James Mark Shields, associate professor of comparative humanities and Asian thought at Bucknell University, recently served as a guest of the Tanaka Asian Studies Lecture Series on April 18, delivering the talk, “Against Harmony: Progressive and Radical Buddhism in Modern Japan.”
“Professor Shields is one of the leading specialists in radical and progressive Buddhism, pushing the boundaries of how we understand Buddhist thought and practice in Asia,” says Darrin Magee, associate professor of environmental studies and chair of the Asian Studies Department. “We’re extremely fortunate to have him joining us here as part of the Tanaka Asian Study Lecture Series.”
At Bucknell, Shields teaches courses on Modern Japanese Buddhist thought, Buddhism, Shinto, East Asian religions, Asian and comparative philosophy, and sexuality and gender. He has published two books, including “Critical Buddhism: Engaging with Modern Japanese Buddhist Thought” and “Teaching Buddhism in the West: From the Wheel to the Web.” Shields has also authored five book chapters and more than a dozen articles in academic journals.
Shields received his Ph.D., M.A. and B.A. from McGill University in Montréal, and his M.Phil. from the University of Cambridge. He has been an associate in research at the Reischauer Institute for Japanese Studies at Harvard University since 2009.
Prior to his Tanaka lecture, Shields facilitated a session of Associate Professor of Religious Studies John Krummel’s “Japanese Religions” course.
The Tanaka Asian Studies Lecture Series is funded by the Tanaka Memorial Foundation.

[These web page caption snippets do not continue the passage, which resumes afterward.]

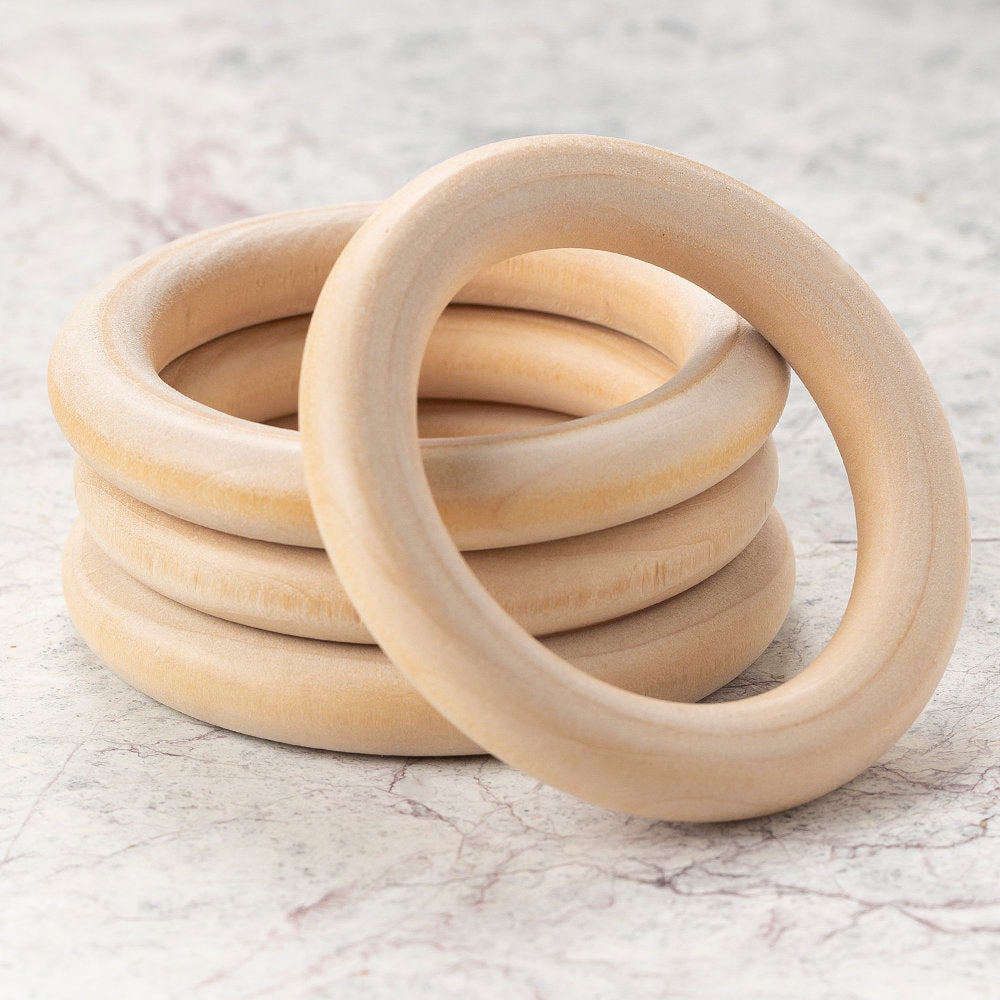 Loren 4 Pcs 7 cm Wooden Teether Ring, Large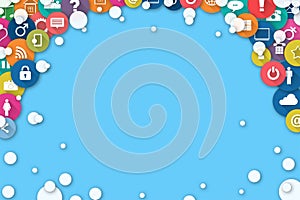 Concept Social Media. Different social icons on a blue background. Social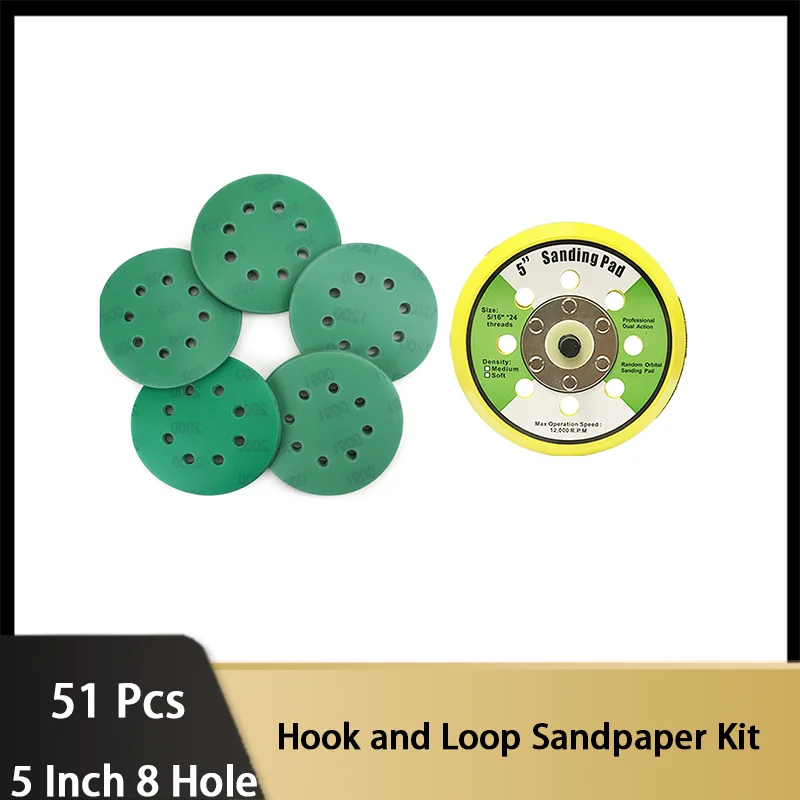 5 Inch 8 Holes Hook and Loop Sandpaper Kit 51 Pcs Assorted Grit 800-2000 to Better Match Orbital Sanders for Wood Metal and Auto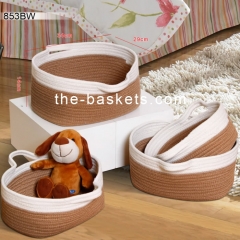 Cotton rope basket  with handle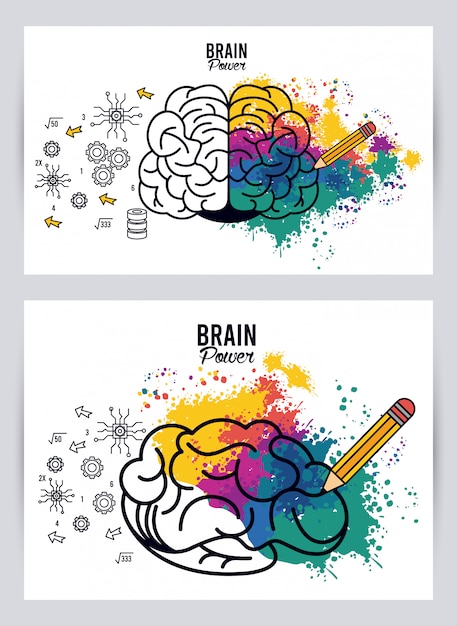 Ilustração do poder do cérebro com respingos de cores e lápis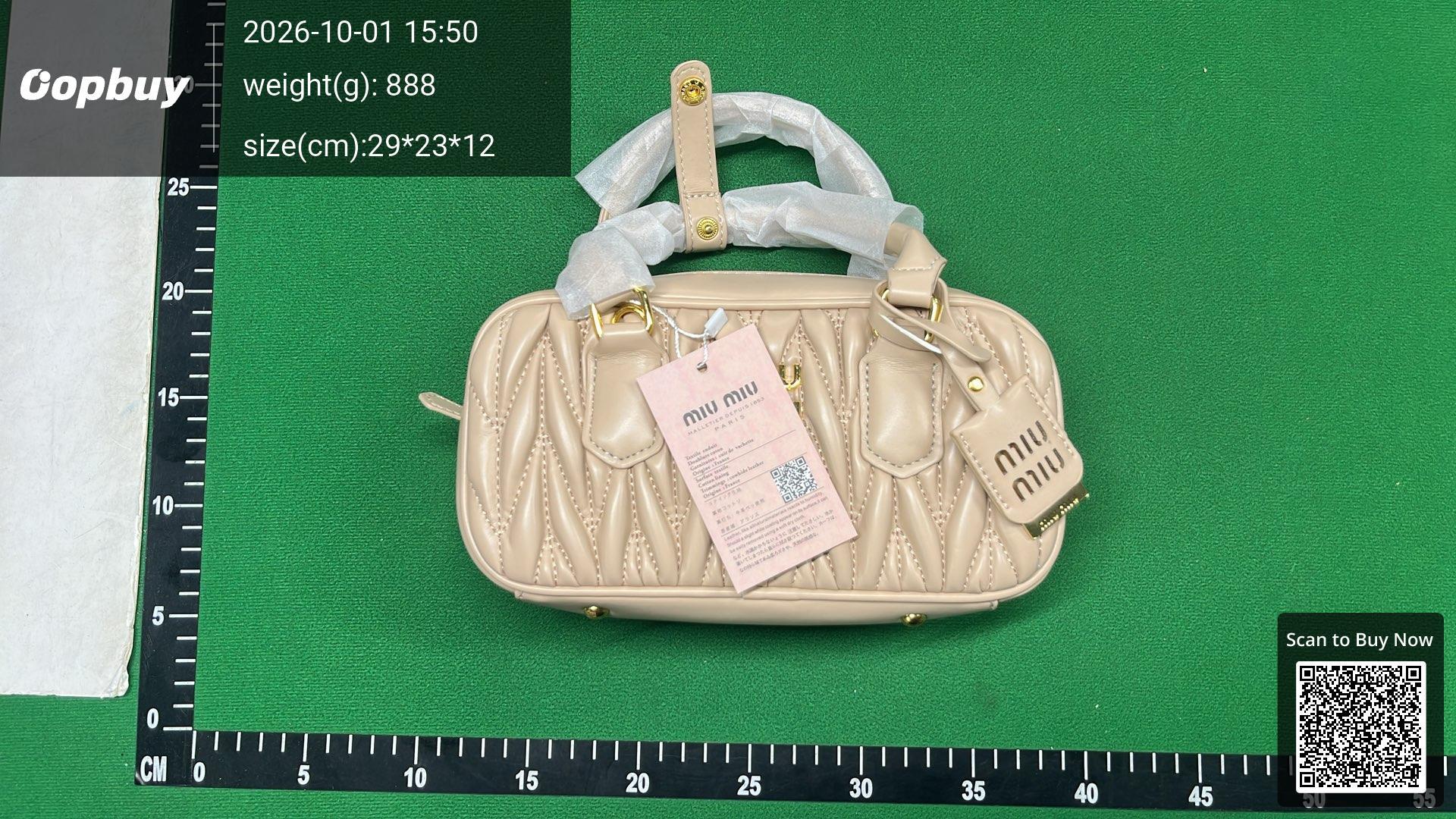 Foto QC 1 de Miu Miu Matelassé Top Handle Bag Small Dark Brown Nappa Leather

Since 1992, the Foundation has been a major contributor to the education and intellectual growth of both faculty and students on the HWS campus.
The event was coordinated by Magee, who joined the HWS faculty in 2008. He has authored a number of articles on China’s water and energy and has presented his work at conferences and institutes throughout the world, including Oxford University, the University of Colorado and the National Youth Science Foundation.